The Anthropomorphic Machine is an 8m high, 7m diameter interactive and performative robotic installation that alludes to human anatomy. It is engineered with pneumatically actuated rubber muscles, steel tendons, a deformable tensegrity skeletal structure, a circulatory system of compressed air, and a vision and computational system. It is a synthetic organisation allowing an emergence of form through an open system of collective behaviours of local human presence and actions. When under the tensegrity canopy, the vision system detects density, distribution and dynamics of people beneath the tensegrity canopy and the Anthropomorphic Machine responds with either undulating, swaying, pulsing or glitchy behaviour, generating a vocabulary of machine aliveness. Intermittent breathing behaviour is generated when no one is interacting. The Anthropomorphic Machine is not only a visual structure but also a sound machine. The choreography that is generated by its interaction composes the compressed air sounds and solenoid clicks, immersing the audience in its acoustical landscape. The Anthropomorphic Machine has hosted interactive performances with dance and musicians.
Credits
Creation and Performance: Stelarc
Design and prototyping team: Yuhan Hou and Haoyu Chen (LLDS)

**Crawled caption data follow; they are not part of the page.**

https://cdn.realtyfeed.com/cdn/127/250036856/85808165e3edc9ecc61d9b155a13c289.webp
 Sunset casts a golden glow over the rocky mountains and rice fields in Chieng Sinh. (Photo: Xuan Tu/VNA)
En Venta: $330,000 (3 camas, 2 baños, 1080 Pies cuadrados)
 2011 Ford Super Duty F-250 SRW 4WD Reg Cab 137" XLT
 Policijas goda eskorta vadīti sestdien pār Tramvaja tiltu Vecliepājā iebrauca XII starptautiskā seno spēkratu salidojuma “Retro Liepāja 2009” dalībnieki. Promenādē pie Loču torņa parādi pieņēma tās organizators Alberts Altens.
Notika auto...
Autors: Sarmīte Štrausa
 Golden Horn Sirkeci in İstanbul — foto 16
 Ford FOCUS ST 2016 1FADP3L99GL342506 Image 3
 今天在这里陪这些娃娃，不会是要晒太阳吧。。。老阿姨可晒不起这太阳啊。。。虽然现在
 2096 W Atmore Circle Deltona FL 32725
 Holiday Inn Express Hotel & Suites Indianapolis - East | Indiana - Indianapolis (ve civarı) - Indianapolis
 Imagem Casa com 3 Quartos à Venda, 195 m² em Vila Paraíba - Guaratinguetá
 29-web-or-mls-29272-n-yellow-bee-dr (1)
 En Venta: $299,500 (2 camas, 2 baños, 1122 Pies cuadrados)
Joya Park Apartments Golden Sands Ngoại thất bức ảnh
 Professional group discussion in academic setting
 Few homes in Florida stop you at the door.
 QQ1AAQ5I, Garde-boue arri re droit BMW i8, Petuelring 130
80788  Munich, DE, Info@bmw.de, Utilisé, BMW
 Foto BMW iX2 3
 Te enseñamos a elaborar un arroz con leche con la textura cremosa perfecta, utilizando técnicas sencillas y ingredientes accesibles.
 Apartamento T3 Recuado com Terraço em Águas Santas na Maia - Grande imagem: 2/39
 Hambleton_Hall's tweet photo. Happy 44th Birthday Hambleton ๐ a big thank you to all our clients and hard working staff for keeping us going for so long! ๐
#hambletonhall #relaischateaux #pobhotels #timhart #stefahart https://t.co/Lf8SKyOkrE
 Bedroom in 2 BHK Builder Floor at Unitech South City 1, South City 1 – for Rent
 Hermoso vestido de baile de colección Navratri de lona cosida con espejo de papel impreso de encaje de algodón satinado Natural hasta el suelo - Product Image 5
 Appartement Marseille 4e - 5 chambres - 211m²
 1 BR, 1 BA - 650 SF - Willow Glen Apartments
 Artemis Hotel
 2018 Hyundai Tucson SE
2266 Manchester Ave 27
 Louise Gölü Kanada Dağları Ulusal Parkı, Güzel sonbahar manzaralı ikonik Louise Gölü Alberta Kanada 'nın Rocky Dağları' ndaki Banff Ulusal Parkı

Computer Vision: Quishi Zhou and Eduardo Velloso (Melbourne School of Engineering)
Electronical engineering: Eric Schoof (Melbourne School of Engineering)
Structure Engineer: Sascha Bohnenberger and Matthew Tam (Bollinger Grohmann)
Material testing: Steve Adams (Melbourne School of Engineering)
Fabricator: Callan Morgan, Pelican Studio
Website design: Florence tang and Melana Uceda
Science Gallery Team: Ryan Jefferies, Elsie Brokensha, Jack Farley, Niels Wouters
Photography: Alan Weedan
Robots used
A skeletal structure with a suspended tensegrity canopy than is animated by proximity, density and movements of visitors. It takes the form of an elevated assemblage of tubes and wires that contracts and expands in response to the movements of the artist.